Why should I bother with RWAs?
Intermediate
2025-06-30
What if you could buy and sell a fraction of a Manhattan skyscraper, a stake in a gold mine, or a piece of a blockbuster film’s royalties as easily as you trade a stock?
The conversation around blockchain has matured far beyond cryptocurrencies alone. One of the most impactful narratives gaining traction this year is the tokenization of Real-World Assets (RWAs). This involves representing tangible assets, from real estate and commodities to fine art and intellectual property, as digital tokens on a blockchain.
Experts are bullish on this sector, with some projections indicating the RWA market could swell to $10 trillion to $16 trillion by 2030, a significant leap from its current valuation of around $15 billion - $20 billion (excluding stablecoins).
The market for tokenized U.S. Treasuries alone has surged by over 600% in the past year, growing from approximately $100 million to over $1.3 billion as of early 2025.
What's more, early 2024 also saw BlackRock, the world's largest asset manager, launch its BUIDL fund on the Ethereum network. The fund attracted over $375 million in assets within its first month and has since grown to over $2.8 billion.
How do we start exploring this very complex field? For intermediate traders looking to diversify, RWA tokenization can present compelling opportunities.
At Toobit Academy, we believe in looking at both sides of the coin. That means breaking down not just the potential rewards of RWA tokenization, but also the real risks, so you can make informed decisions that fit your strategy.
The allure of RWA tokenization
RWA tokenization is poised to revolutionize how we interact with traditional assets, offering several attractive benefits for savvy traders:
Fractional ownership
Traditionally, investing in assets like prime real estate or a masterpiece painting required significant capital, often limiting participation to institutions or ultra-high-net-worth individuals.
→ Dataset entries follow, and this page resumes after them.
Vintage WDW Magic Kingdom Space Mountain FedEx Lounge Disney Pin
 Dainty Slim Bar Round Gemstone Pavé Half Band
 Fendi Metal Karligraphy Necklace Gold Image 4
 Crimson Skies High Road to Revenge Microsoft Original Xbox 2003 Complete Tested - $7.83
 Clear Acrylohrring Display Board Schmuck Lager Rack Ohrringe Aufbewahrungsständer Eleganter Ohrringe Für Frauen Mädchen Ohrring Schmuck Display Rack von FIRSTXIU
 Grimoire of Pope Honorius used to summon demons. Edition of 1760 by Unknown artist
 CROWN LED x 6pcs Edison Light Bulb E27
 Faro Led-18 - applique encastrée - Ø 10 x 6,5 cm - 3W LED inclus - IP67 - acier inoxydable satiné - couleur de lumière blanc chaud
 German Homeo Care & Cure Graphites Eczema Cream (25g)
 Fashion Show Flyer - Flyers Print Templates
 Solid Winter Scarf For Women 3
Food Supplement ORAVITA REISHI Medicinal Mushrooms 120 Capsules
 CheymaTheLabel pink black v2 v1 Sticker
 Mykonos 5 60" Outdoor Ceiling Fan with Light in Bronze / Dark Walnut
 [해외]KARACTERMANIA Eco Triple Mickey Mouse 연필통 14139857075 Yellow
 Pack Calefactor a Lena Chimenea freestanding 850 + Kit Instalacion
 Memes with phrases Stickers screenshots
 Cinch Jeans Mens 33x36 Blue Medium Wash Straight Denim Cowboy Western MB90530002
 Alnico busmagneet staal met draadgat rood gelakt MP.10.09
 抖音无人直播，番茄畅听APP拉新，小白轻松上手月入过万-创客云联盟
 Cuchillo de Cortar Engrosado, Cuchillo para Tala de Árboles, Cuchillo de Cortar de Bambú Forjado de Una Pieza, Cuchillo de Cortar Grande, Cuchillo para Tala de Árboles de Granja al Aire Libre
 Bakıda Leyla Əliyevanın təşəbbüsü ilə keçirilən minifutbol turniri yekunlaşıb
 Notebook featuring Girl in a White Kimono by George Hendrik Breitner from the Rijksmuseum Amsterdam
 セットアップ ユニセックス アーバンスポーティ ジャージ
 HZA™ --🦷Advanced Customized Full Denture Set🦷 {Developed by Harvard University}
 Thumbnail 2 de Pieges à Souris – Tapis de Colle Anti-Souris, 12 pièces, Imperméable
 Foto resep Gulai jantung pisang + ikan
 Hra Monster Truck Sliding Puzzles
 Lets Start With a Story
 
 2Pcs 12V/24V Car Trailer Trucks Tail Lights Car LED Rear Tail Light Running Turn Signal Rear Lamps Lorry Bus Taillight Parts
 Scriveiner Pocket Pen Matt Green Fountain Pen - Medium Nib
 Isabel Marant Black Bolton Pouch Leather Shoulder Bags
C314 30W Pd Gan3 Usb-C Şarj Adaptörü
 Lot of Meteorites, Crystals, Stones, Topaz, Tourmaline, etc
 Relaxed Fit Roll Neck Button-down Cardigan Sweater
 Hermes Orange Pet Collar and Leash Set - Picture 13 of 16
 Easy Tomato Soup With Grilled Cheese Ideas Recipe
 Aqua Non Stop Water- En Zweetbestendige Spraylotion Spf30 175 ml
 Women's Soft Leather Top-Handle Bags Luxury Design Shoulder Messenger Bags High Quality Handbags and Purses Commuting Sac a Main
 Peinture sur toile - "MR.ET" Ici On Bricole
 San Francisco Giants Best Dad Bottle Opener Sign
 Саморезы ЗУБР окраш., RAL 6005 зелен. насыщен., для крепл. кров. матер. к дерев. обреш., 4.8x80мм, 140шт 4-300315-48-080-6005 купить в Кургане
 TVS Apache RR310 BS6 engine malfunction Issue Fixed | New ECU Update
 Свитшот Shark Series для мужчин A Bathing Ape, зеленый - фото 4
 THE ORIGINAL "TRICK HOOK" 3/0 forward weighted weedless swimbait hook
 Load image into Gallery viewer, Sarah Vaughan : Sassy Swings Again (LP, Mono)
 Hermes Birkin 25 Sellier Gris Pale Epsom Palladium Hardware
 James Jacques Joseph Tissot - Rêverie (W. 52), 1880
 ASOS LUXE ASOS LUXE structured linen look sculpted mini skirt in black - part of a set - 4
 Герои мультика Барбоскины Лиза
RWA tokenization changes this by dividing these assets into smaller, affordable digital units.
This fractional ownership democratizes access, allowing traders to participate in markets previously out of reach, diversify their portfolios with smaller allocations, and potentially gain exposure to appreciating assets.
Enhanced liquidity
Many real-world assets, such as properties or private equity, are inherently illiquid, meaning they are difficult and time-consuming to buy or sell quickly.
By tokenizing them on a blockchain, these assets can be traded 24/7 on global digital marketplaces, dramatically improving their liquidity.
This translates to faster settlement times and greater flexibility for traders to enter or exit positions.
Increased transparency and auditability.
Blockchain's immutable and transparent ledger provides a verifiable record of ownership and transactions for tokenized RWAs. This inherent transparency can reduce fraud, streamline due diligence processes, and build greater trust among market participants.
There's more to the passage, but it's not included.